Der Aktienkurs hat schwer gelitten, von 8,08 Euro Ende Februar ist er um rund 30 Prozent abgestürzt und pendelt aktuell um 5,60 Euro. Der Nettogewinn im zurückliegenden Geschäftsjahr 2014 lag mit 1,02 Millionen Euro nur marginal über dem Vorjahresergebnis (0,98 Millionen Euro), die Nettorendite auf den Umsatz somit 2014 bei schmalen 0,59 Prozent. Vor allem aber ist da diese dramatische Warnung im Geschäftsbericht.
Mit drei neuen Rockfestivals wollte die Deag um Vorstandschef Peter Schwenkow groß expandieren, am Nürburgring, in München und Wien sollten Rockfans neue Wachstumstreiber werden. Doch der Treiber wurde zur Bürde.
„Sollten die Umsätze und die damit verbundenen tatsächlichen Zahlungsmittelzuflüsse aus den Ticketverkäufen für die Festivals deutlich von den Prognosen abweichen“, warnt der Deag-Vorstand im Geschäftsbericht, könnte eine Liquiditätsunterdeckung eintreten und die Deag auf die Erschließung neuer Finanzierungsquellen wie Fremdkapital (zum Beispiel Kredite) oder Eigenkapital (etwa eine Kapitalerhöhung) angewiesen sein. „Sollte dies dann nicht in ausreichendem Maße gelingen, wären die Gesellschaft und der Konzern im Bestand gefährdet.“
Die zehn größten Musikfestivals nach Umsatz 2014
Das Bravalla Festival in Schweden zog im vergangenen Jahr fast 60.000 Besucher an. Die spülten 16,3 Millionen US-Dollar in die Kassen der Betreiber.
Quelle: Pollstar
70.000 Besucher lockten die Betreiber von Rock im Park im vergangenen Jahr nach Nürnberg. Damit machten sie einen Umsatz von 16,7 Millionen US-Dollar.

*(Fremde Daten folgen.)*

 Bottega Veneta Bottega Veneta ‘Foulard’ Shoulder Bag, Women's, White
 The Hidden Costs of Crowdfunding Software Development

Das Lollapalooza Chile spielte einen Umsatz von 16,8 Millionen US-Dollar ein. Verkauft wurden dafür 110.000 Tickets.
Zum Stagecoach in den USA kamen 190.000 Besucher. Die Betreiber machten damit im vergangenen Jahr einen Umsatz von 18,6 Millionen US-Dollar.
Das Outside Lands Music & Arts Festival in San Francisco lockte mehr als 200.000 Besucher. Der Umsatz betrug 19 Millionen US-Dollar.
Rock am Ring ist das größte deutsche Festival. Im vergangenen Jahr kamen 82.000 Besucher zum Nürnburgring und sorgten für einen Umsatz von mehr als 20 Millionen US-Dollar.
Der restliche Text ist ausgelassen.